EXERCISE:
The lines from the one containing "Megatron Transformer Toy,7.87" through the last one in the data: please copy those exactly, and only those, without the pictures.

Extracted data entries:

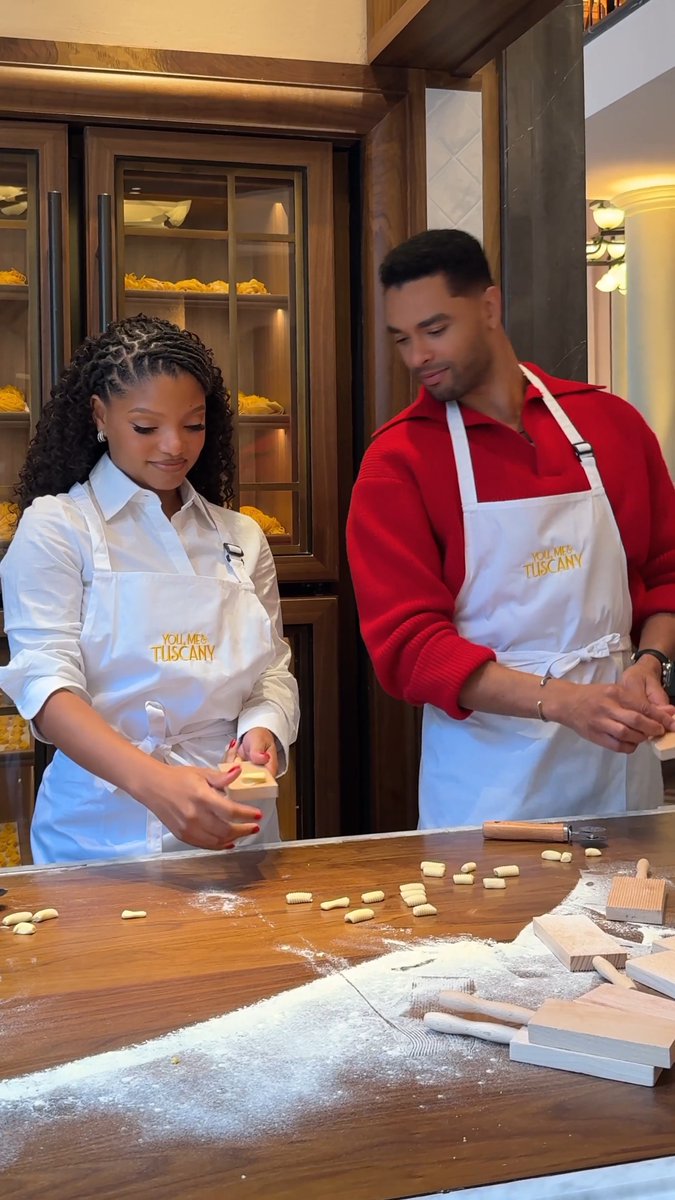 Yes chef! 👩🏾🍳🍝 We had the best time making pasta to celebrate You, Me & Tuscany. Get tickets to see the film only in theaters April 10!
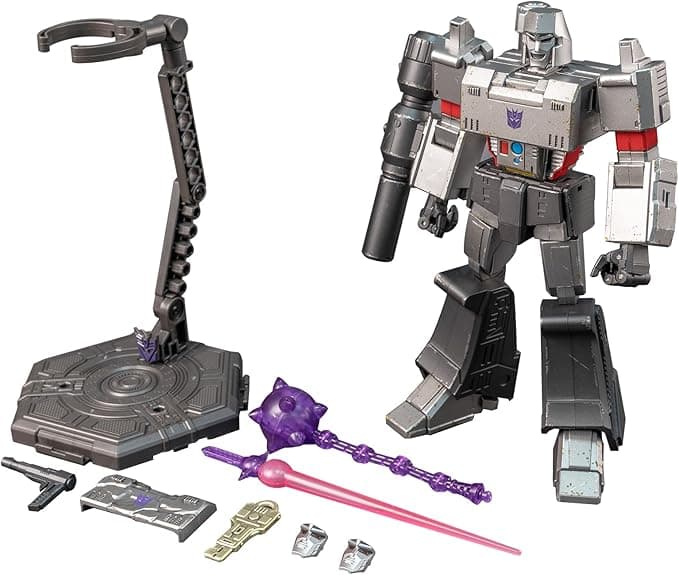Megatron Transformer Toy,7.87 Inch Transformers G1 Megatron Action Figure with Upgraded Weaponry,Highly Articulated No Converting Transformers Model Kit,Collectible Toys Gifts for Kids Ages 8 and Up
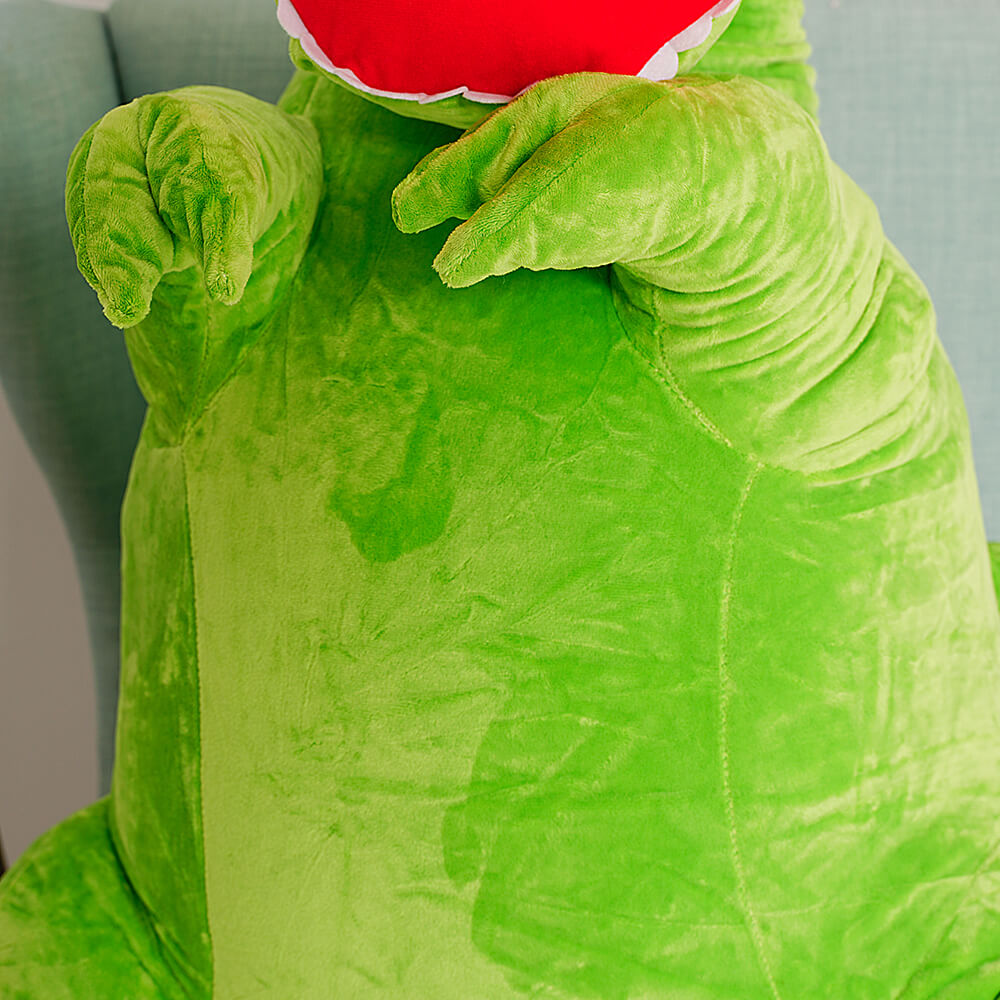 Large Plush Dinosaur, Soft Toy, 160 Cm, Green, Gogo - Teddyway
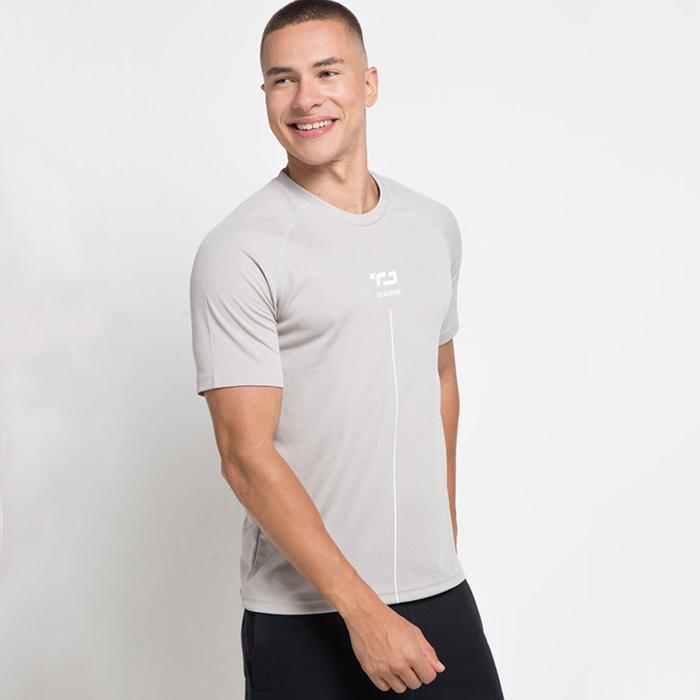Gambar Td Active MS091 Raglan Abu Muda Kaos Olahraga Pria Sport dari tdactive.id Kota Bandung Tokopedia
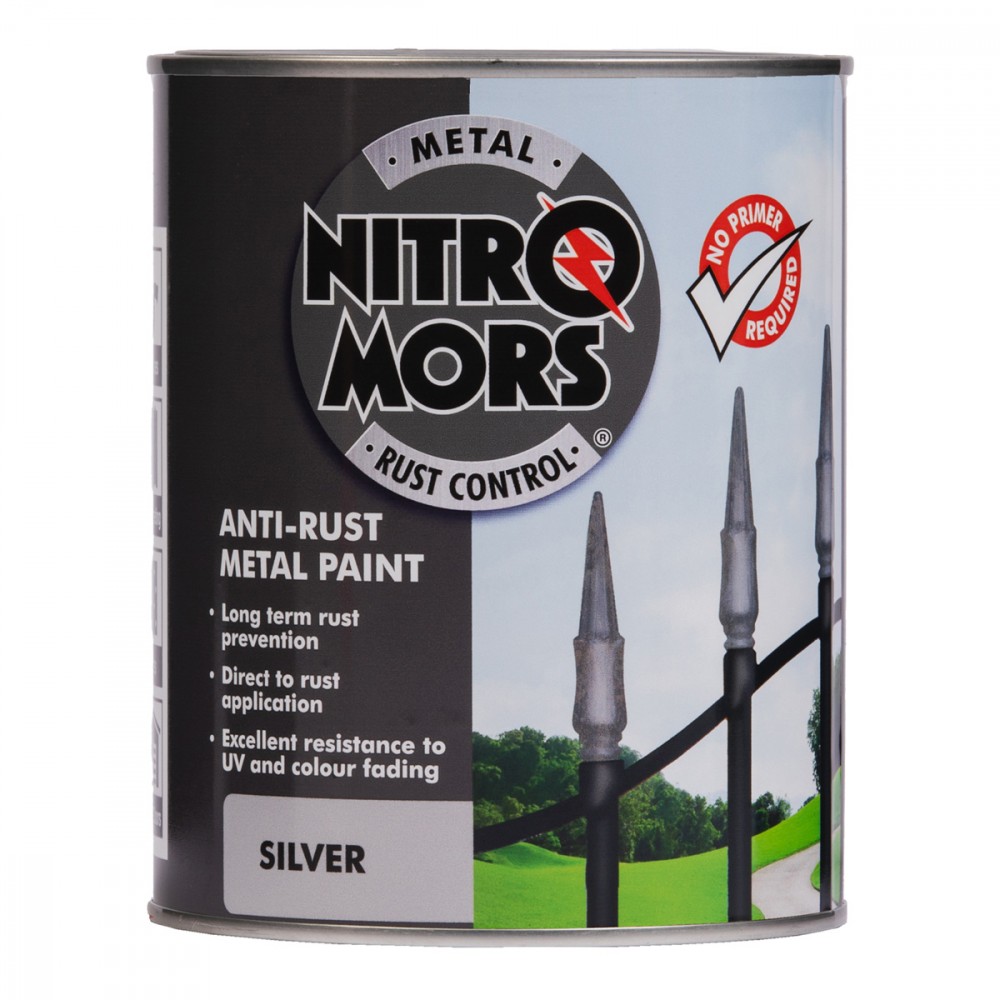 Image for Nitromors Brushable Smooth Metal Paint S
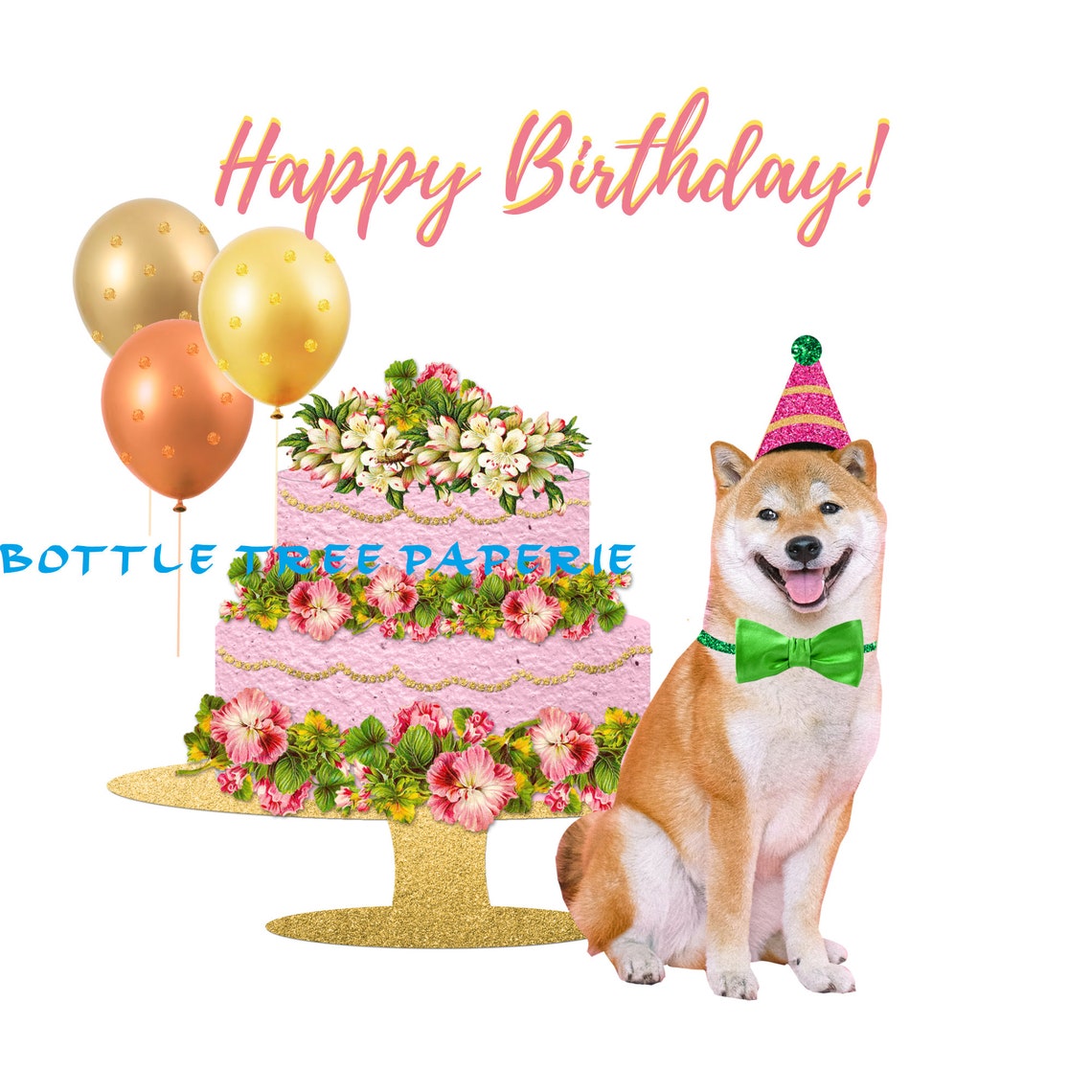SUBLIMATION Datei HAPPY BIRTHDAY mit Geburtstag Hund Bild Etsy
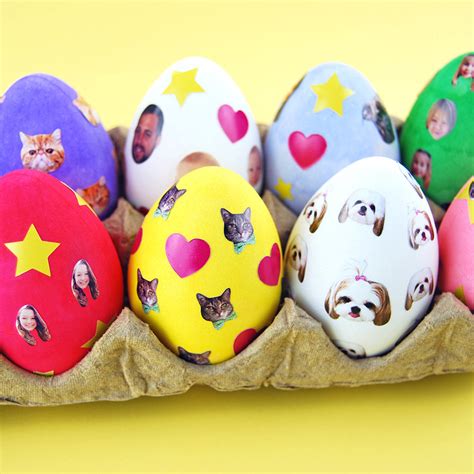 Sticker Love: DIY Stickered Easter Eggs - Stickerface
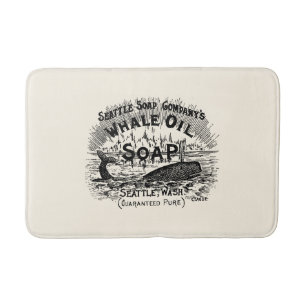 Tapete De Banheiro Vintage Victorian Era 1894 Óleo de Baleia Soap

OUTPUT FOR THIS TASK:
Megatron Transformer Toy,7.87 Inch Transformers G1 Megatron Action Figure with Upgraded Weaponry,Highly Articulated No Converting Transformers Model Kit,Collectible Toys Gifts for Kids Ages 8 and Up
 Large Plush Dinosaur, Soft Toy, 160 Cm, Green, Gogo - Teddyway
Gambar Td Active MS091 Raglan Abu Muda Kaos Olahraga Pria Sport dari tdactive.id Kota Bandung Tokopedia
 Image for Nitromors Brushable Smooth Metal Paint S
SUBLIMATION Datei HAPPY BIRTHDAY mit Geburtstag Hund Bild Etsy
 Sticker Love: DIY Stickered Easter Eggs - Stickerface
 Tapete De Banheiro Vintage Victorian Era 1894 Óleo de Baleia Soap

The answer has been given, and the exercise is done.